Die Spitze eines Gletschers mit Blauem Eis, aufgenommen am im Kongsfjord bei Ny-Ålesund auf Spitzbergen (Norwegen) vom Flugzeug aus.
Gletscher auf Spitzbergen - aufgenommen aus dem Flugzeug. © dpa / Jens Büttner
Von Holger Trocha · 24.06.2017
Ob auf dem Himalaja oder in der Wüste Gobi – überall sind sie schon: Touristen. Eine Eventfirma aus Essen hat sich deswegen etwas Besonderes ausgedacht: einen Flug zum Nordpol - von Berlin, als Tagestour: 10.000 Kilometer, 93.000 Liter Kerosin.

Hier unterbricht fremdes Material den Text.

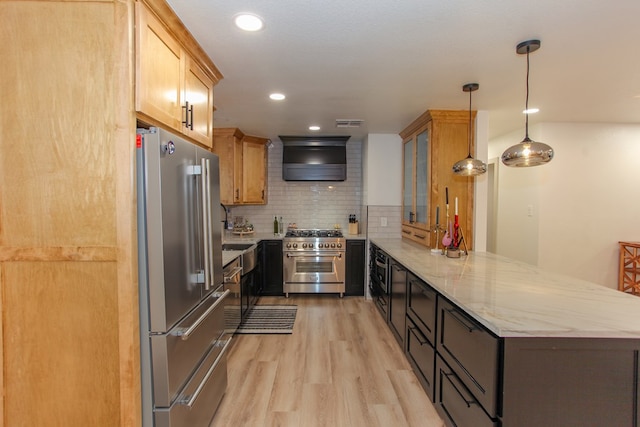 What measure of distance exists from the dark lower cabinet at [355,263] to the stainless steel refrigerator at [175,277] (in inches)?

Reporter Holger Trocha ist mitgereist.
Sieben Uhr Morgens, Flughafen Berlin Tegel. Ich sitze am Gate B 20. Doch mein Flieger geht diesmal nicht nach Köln, Frankfurt oder Stuttgart. Neben mir telefonieren keine hektischen Geschäftsleute. Niemand hat Gepäck, wirklich niemand ist in Eile.
Ein älterer Mann mit weißem Vollbart trägt ein T-Shirt mit der Aufschrift: "I love polar bears!". Und direkt neben mir sitzt Ordensschwester Petra. Um ihren Hals hängen ein Kreuz und zwei hochmoderne Fotokameras.
"Meine Damen und Herren, Ihr Air-Berlin-One-World-Flug und Air-Berlin-Polarflug AB 9669 nach Nordpol steht nun am Gate B 20 für Sie zum Einsteigen bereit."
Kein Witz: Ich jette mit einem Airbus A 330-200 von Berlin zum Nordpol. Dort umrunde ich kurz die Erde und erkunde im Tiefflug Grönland. Rund 200 Passagiere sind mit mir an Bord.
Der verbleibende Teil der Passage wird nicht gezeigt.